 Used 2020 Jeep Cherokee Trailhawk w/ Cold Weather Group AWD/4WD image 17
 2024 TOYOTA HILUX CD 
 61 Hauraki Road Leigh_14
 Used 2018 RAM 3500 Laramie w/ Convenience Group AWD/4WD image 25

□ □ □ □

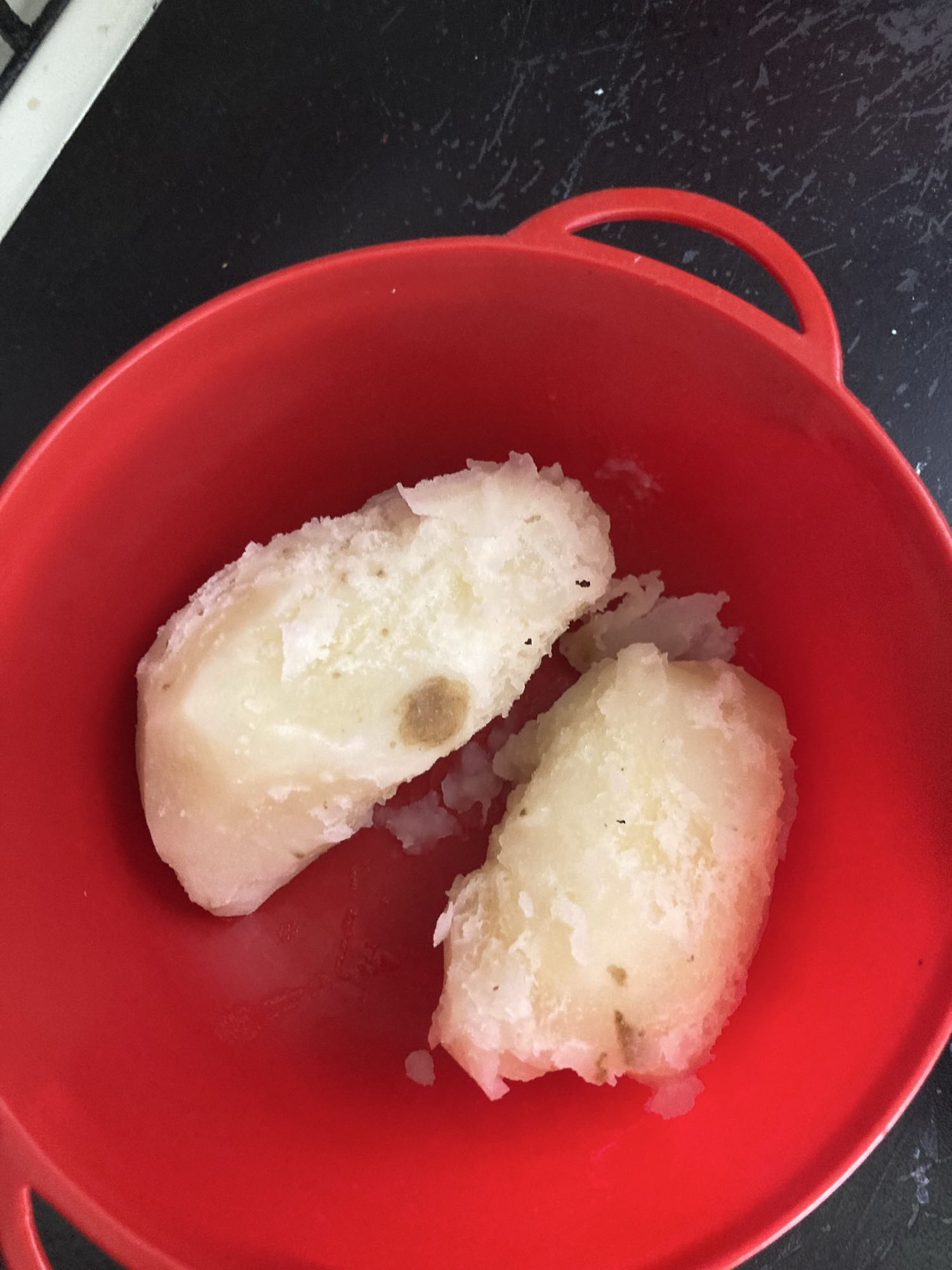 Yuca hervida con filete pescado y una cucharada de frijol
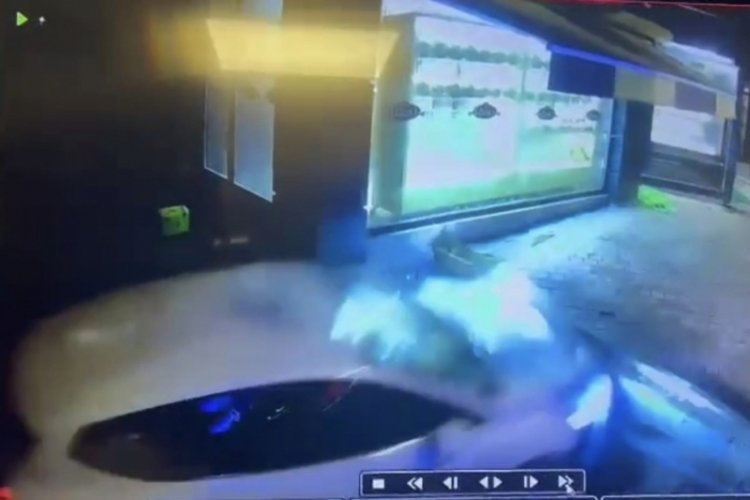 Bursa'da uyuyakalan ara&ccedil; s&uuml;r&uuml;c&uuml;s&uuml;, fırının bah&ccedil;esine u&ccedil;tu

□ □ □ □

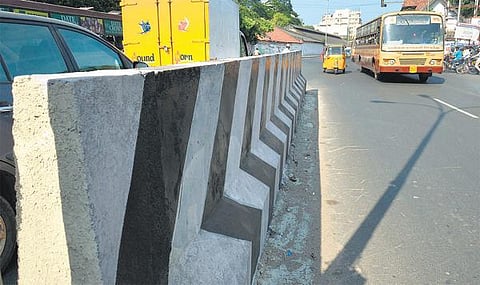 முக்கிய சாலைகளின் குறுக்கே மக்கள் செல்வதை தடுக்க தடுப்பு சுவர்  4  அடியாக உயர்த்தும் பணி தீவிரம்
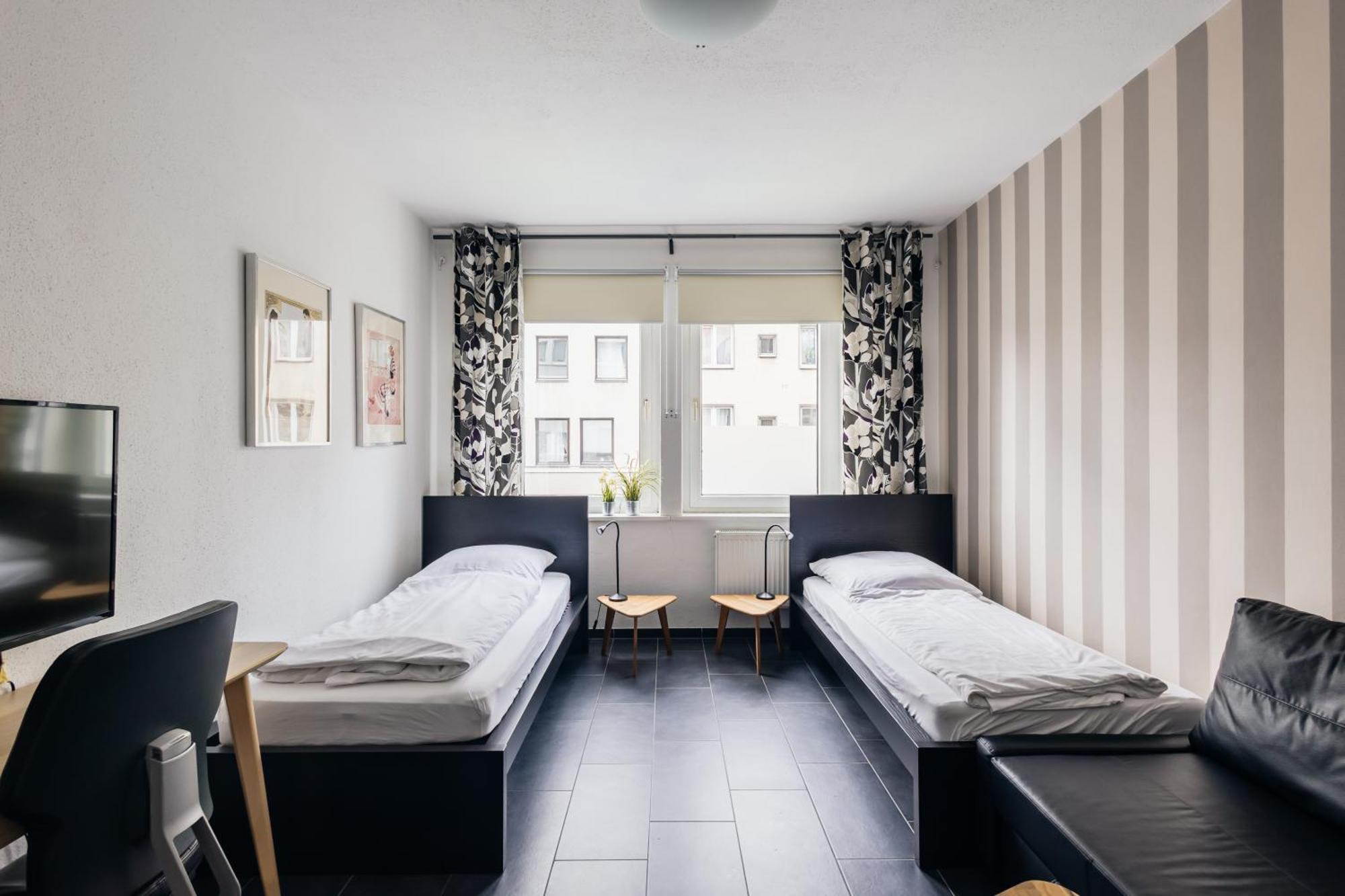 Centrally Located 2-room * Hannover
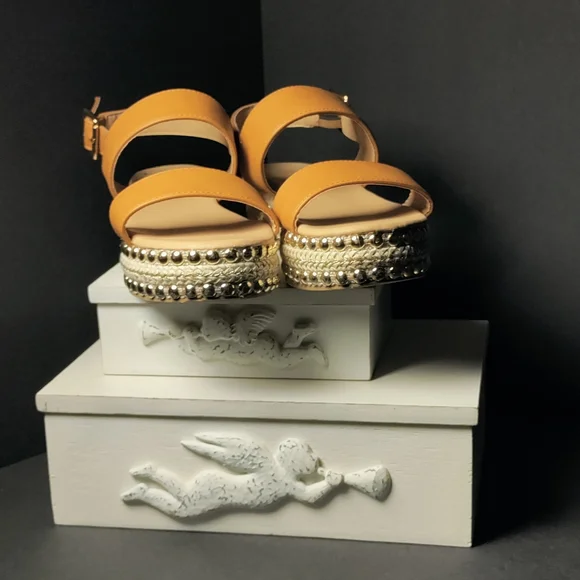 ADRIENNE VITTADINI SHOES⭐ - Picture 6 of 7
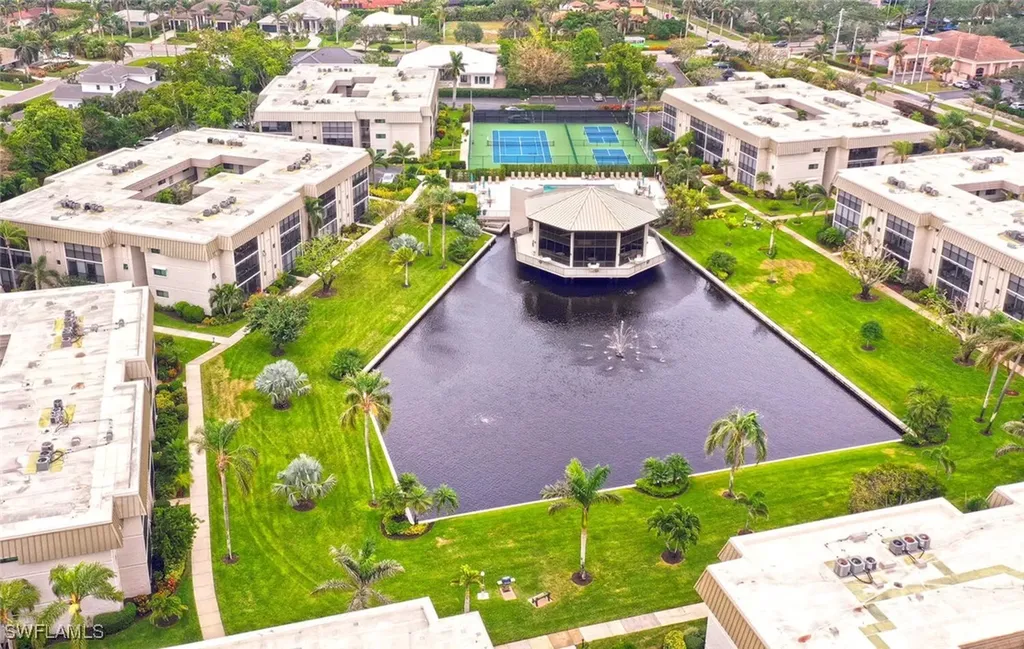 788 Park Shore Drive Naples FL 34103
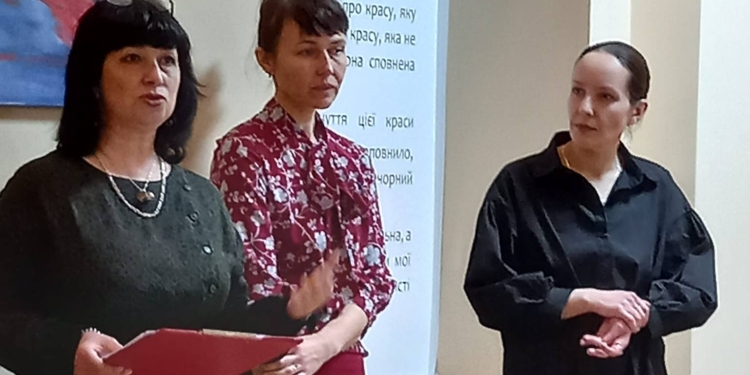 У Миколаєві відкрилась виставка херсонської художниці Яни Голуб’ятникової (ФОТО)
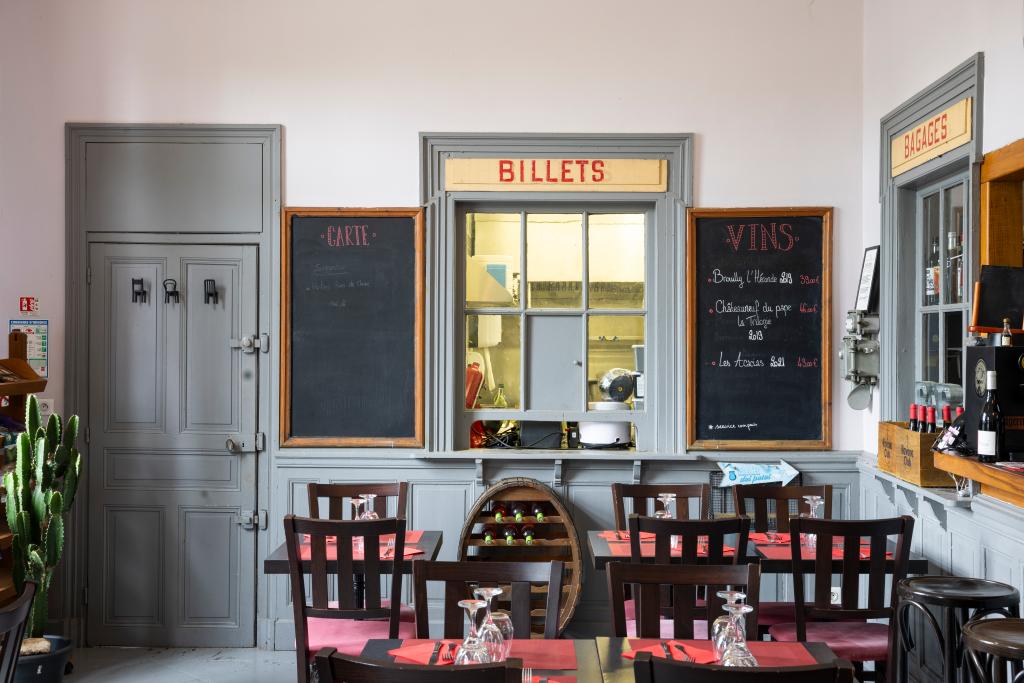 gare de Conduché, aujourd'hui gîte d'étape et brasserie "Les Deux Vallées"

□ □ □ □

- Exercise brief -
Tally the lines of the listing that include "image". Reply with nothing but the count.

- Your response -
2